Big Bend National Park Campgrounds Closed ‘Until Further Notice’ Amid Uptick in Bear Activity

by Lauren Boisvert

Big Bend National Park has closed campgrounds and a trail due to increased bear activity. The Brewster County, Texas National Park recently closed Chisos Basin’s Window Trail due to bears. Now they’ve closed Chisos Basin Campground and Chisos Basin Group Campground to visitors, according to KSAT out of San Antonio.

Park officials released a statement regarding the closures and the uptick in bear activity. “Over the course of the last two weeks,” the statement began, “the bears have moved from the Window Trail into the campground itself, feeding on mesquite beans, a natural food source. Due to the abundance of mesquite beans in the campground, the bears have become territorial and shown signs of aggression. To keep these bears wild and safe, limiting human food sources and bear-human interactions is paramount.”

The closures come in order to keep both the bears and park visitors safe. The statement reported that the campgrounds will be closed to visitors until the bears “move on to other natural food sources.” Officials are waiting until bear activity returns to “normal levels” in the park.

“Right now, the bears are hungry and a bit testy and we’re going to give them the space they need to be wild bears,” said Big Bend Superintendent Bob Krumenaker. The smartest and safest option is not always the most convenient. But, it’s what needs to happen for the bears to stay safe and wild. Otherwise, the park could end up with territorial bear attacks, which would most likely result in euthanizations. That’s the last thing anyone wants in a National Park.

Closures in Big Bend National Park Come On the Backs of Closures in Glacier As Well

Recently, Glacier Bay National Park in Alaska had to close down the Scidmore Cut area of the park to foot traffic. In late July, a bear obtained food from campers in the area, leading to increased bear activity. No injuries or attacks were reported. But, giving a bear access to food, even accidentally, is big trouble for the bear and for other visitors. The bear begins showing signs of habituation, getting familiar with humans, and searching for more food. It will begin to approach hikers and campers without fear, looking for something to eat. This can result in bears getting aggressive when denied, which can lead to attacks and fatalities.

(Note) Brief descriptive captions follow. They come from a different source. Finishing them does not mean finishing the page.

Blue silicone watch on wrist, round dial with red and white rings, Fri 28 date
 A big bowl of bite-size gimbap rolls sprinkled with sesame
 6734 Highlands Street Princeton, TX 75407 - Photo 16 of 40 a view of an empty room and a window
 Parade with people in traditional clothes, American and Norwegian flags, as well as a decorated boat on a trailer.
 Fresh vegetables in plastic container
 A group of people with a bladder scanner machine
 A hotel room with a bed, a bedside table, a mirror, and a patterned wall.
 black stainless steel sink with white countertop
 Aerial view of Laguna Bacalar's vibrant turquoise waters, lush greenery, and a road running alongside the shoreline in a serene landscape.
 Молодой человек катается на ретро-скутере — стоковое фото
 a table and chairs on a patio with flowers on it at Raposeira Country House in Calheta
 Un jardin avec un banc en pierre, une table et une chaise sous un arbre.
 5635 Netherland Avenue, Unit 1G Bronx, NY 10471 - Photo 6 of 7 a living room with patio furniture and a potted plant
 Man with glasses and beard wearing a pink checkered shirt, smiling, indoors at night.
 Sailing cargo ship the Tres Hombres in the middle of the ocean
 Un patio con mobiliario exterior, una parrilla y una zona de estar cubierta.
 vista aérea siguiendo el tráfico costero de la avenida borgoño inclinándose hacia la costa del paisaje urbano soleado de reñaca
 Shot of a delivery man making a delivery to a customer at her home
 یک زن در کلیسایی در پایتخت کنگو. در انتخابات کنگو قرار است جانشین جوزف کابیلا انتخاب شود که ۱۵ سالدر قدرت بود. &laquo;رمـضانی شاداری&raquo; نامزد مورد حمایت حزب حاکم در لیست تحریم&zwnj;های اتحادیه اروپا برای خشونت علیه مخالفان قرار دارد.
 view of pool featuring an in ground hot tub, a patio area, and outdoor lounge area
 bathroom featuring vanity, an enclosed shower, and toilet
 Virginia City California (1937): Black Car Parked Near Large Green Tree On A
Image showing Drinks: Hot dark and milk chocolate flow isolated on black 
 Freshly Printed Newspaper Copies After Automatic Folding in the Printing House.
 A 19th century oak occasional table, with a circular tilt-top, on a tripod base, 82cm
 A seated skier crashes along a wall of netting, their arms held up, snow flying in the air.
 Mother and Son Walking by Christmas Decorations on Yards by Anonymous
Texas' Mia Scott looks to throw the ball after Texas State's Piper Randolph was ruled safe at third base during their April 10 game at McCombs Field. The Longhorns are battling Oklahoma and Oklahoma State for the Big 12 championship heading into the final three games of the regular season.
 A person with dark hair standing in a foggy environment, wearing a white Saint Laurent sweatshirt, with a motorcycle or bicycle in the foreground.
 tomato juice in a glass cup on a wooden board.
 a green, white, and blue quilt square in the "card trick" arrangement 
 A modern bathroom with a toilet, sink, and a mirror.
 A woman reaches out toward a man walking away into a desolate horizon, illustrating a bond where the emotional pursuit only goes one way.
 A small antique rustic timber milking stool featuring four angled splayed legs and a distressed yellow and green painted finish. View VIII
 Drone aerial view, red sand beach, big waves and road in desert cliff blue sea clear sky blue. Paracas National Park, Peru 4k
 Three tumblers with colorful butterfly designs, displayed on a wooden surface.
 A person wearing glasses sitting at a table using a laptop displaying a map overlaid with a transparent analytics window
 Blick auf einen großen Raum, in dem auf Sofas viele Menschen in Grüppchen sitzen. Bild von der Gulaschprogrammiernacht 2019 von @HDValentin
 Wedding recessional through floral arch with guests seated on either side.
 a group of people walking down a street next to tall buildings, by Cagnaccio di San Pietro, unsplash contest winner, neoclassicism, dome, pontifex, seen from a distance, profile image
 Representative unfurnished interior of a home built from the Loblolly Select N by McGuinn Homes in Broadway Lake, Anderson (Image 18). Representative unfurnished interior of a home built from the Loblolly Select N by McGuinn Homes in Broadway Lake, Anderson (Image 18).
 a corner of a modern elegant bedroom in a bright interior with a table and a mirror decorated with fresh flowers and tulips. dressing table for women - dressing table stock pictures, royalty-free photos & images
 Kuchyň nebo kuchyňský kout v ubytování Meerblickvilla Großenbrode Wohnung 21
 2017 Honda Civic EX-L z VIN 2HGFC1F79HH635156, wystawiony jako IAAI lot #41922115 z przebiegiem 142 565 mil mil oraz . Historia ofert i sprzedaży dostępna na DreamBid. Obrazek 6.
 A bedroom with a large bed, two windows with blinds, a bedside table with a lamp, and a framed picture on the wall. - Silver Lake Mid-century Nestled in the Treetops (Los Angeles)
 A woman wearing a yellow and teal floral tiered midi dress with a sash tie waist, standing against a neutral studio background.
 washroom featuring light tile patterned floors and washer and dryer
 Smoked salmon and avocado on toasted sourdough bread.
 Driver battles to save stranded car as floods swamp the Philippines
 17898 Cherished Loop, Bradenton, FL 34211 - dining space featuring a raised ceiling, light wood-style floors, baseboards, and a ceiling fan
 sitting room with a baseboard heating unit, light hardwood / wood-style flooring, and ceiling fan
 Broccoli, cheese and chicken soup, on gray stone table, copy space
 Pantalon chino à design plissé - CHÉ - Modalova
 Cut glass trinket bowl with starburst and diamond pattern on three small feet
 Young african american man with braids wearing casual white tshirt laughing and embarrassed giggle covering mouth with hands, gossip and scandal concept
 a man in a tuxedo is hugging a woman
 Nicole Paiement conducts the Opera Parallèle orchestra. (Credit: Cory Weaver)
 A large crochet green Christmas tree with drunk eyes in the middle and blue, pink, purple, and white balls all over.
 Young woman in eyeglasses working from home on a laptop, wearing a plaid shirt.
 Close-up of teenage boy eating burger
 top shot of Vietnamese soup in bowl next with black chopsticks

The closure restricts foot traffic in the Scidmore Cut area of the park’s West Arm. This area will be closed to non-vehicle traffic until August 30. Park officials reported, “The goal of this 30-day closure at the Scidmore Cut is to prevent bears from further associating people with food rewards. Because bears travel long distances, camping is not recommended in the entire Scidmore Cut area, both on the West Arm side as well as within Scidmore Bay.”